Create cluster

If you're interested in Vertex AI Managed Training, contact your sales representative for access.

This page provides the direct, API-driven method for creating and managing a Managed Training cluster. You'll learn how to define your cluster's complete configuration, including login nodes, high-performance GPU partitions like the A4, and Slurm orchestrator settings—within a JSON file. Also included is how to use curl and REST API calls to deploy this configuration, creating the cluster and managing its lifecycle with GET, LIST, UPDATE and DELETE operations.

Define the cluster configuration

Create a JSON file to define the complete configuration for your Managed Training cluster.

If your organizational policy prohibits Public IP addresses on compute instances, deploy the Managed Training cluster with the enable_public_ips: false parameter and utilize Cloud NAT for internet egress.

The first step in provisioning a Managed Training cluster is to define its complete configuration in a JSON file. This file acts as the blueprint for your cluster, specifying everything from its name and network settings to the hardware for its login and worker nodes.

The following section provides several complete JSON configuration files that serve as practical templates for a variety of common use cases. Consult this list to find the example that most closely matches your needs and use it as a starting point.

Each example is followed by a detailed description of the key parameters used within that specific configuration.

GPU with Filestore only

This is the standard configuration. It provides a Filestore instance that serves as the /home directory for the cluster, suitable for general use and storing user data.

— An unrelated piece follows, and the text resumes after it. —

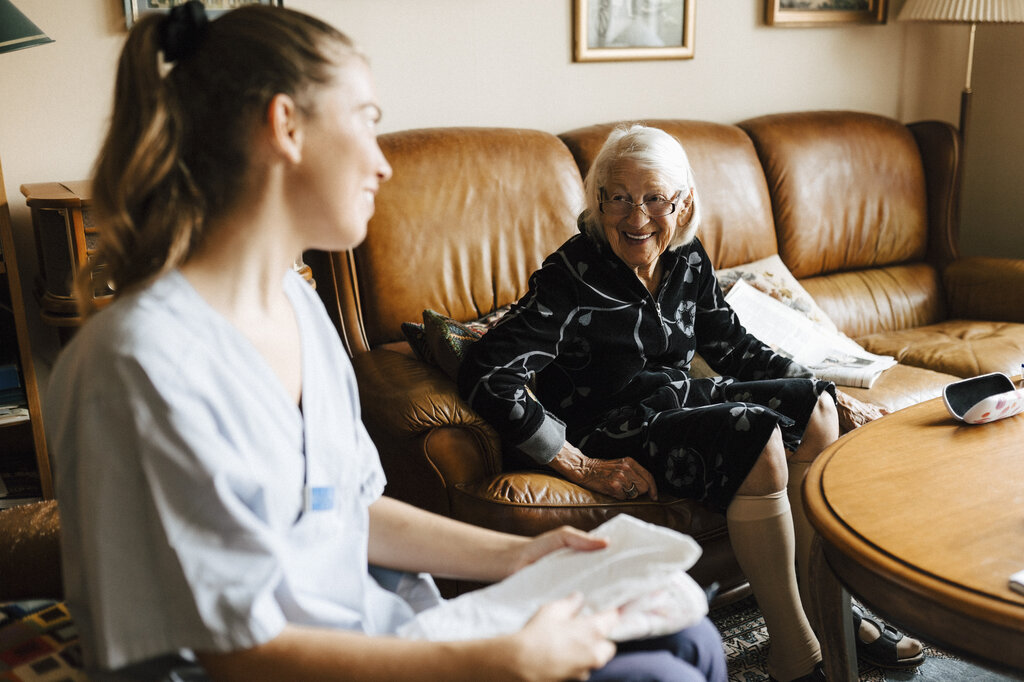 Bildet viser en sykepleier i hjemmetjenesten som snakker med en eldre pasient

The following example shows the content of gpu-filestore.json. This specification creates a cluster with a GPU partition. You can use this as a template and modify values such as the machineType or nodeCount to fit your needs.

For a list of parameters, see Parameter reference.

{
"display_name":"DISPLAY_NAME",
"network":{
"network":"projects/PROJECT_ID/global/networks/NETWORK",
"subnetwork":"projects/PROJECT_ID/regions/REGION/subnetworks/SUBNETWORK"
},
"node_pools":[
{
"id":"login",
"machine_spec":{
"machine_type":"n2-standard-8"
},
"scaling_spec":{
"min_node_count":MIN_NODE_COUNT,
"max_node_count":MAX_NODE_COUNT
},
"enable_public_ips":true,
"zone":"ZONE",
"boot_disk":{
"boot_disk_type":"pd-standard",
"boot_disk_size_gb":200
},
},
{
"id":"a4",
"machine_spec":{
"machine_type":"a4-highgpu-8g",
"accelerator_type":"NVIDIA_B200",
"provisioning_model":"RESERVATION",
"accelerator_count":8,
"reservation_affinity":{
"reservationAffinityType":"RESERVATION_AFFINITY_TYPE",
"key":"compute.googleapis.com/reservation-name",
"values":[
"projects/PROJECT_ID/zones/ZONE/reservations/RESERVATION"
]
}
},
"scaling_spec":{
"min_node_count":MIN_NODE_COUNT,
"max_node_count":MAX_NODE_COUNT
},
"enable_public_ips":true,
"zone":"ZONE",
"boot_disk":{
"boot_disk_type":"hyperdisk-balanced",
"boot_disk_size_gb":200
},
}
],
"orchestrator_spec":{
"slurm_spec":{
"home_directory_storage":"projects/PROJECT_ID/locations/ZONE/instances/FILESTORE",
"partitions":[
{
"id":"a4",
"node_pool_ids":[
"a4"
]
}
],
"login_node_pool_id":"login"
}
}
}
}

GPU with Filestore and Managed Lustre

This advanced configuration includes the standard Filestore instance in addition to a high-performance Lustre file system. Choose this option if your training jobs require high-throughput access to large datasets.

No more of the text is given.